Mother jailed for 20 years for killing her four children is pardoned and freed

Kathleen Folbigg has been pardoned after being jailed for 20 years for killing her four children - Joel Carrett/AP
Kathleen Folbigg has been pardoned after being jailed for 20 years for killing her four children - Joel Carrett/AP

An Australian mother who was jailed for 20 years for killing her four children despite insisting they died of natural causes has been freed.

Kathleen Folbigg, 55, was condemned as one of the country’s worst serial killers following the deaths of her four children – sons Caleb and Patrick and daughters Sarah and Laura – at very young ages.

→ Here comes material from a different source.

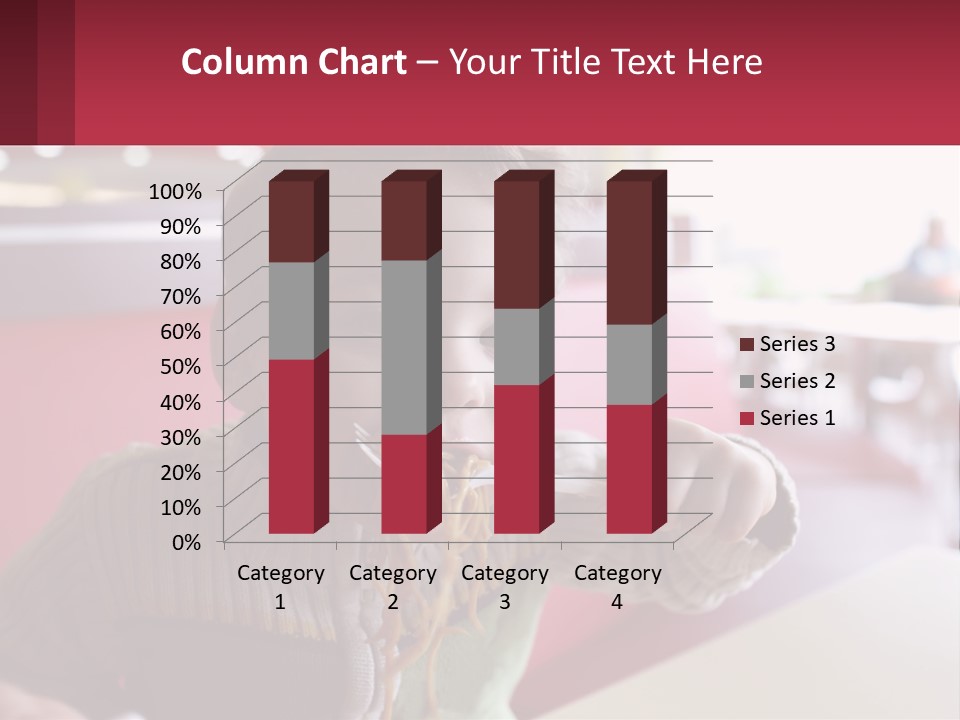 A Young Boy Eating Noodles In A Restaurant PowerPoint Template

Caleb, her first son, was born in 1989 and lived only 19 days. Patrick, born a year later, died at eight months. Two years later, her daughter Sarah died at 10 months, and then her fourth child, Laura, died aged 18 months in 1999.

She always maintained that her children died of natural causes, but prosecutors in her 2003 trial claimed this was too much of a coincidence.

The prosecution argued that the chances of four babies in one family dying from natural causes so young were so small as to be implausible. They also interpreted passages from her diary as confessions of guilt.

In each case, Ms Folbigg was the person who found her child’s body but there was no physical evidence that she had caused their deaths.

She was sentenced to 25 years - but on Monday, Michael Daley, the New South Wales attorney general, said a new inquiry had in fact found “reasonable doubt” that she killed her children.

‘Terrible ordeal’

Ms Folbigg has now received a full pardon from the governor of New South Wales, who ordered her immediate release.

“This has been a terrible ordeal for everyone concerned and I hope that our actions today can put some closure on this 20-year-old matter,” said Mr Daley.

“It has been a 20-year-long ordeal for her ... I wish her peace.”

On Monday, Thomas Bathurst, the former state chief justice who has been leading a new inquiry into the case, found that there was a reasonable possibility that three of the children died of natural causes.

In the cases of Sarah and Laura, a genetic mutation known as CALM2-G114R could have caused their deaths, the inquiry found.

There was also “persuasive expert evidence” that Patrick may have died from an underlying neurogenetic disorder such as epilepsy, said Sophie Callan, who is helping with the inquiry.

“The coincidence and tendency evidence which was central to the (2003) crown case falls away,” said Mr Bathurst as regards the death of Caleb. “The balance of evidence … [was] that she was a loving and caring mother.”

Mr Bathurst’s full report will be released at a later date.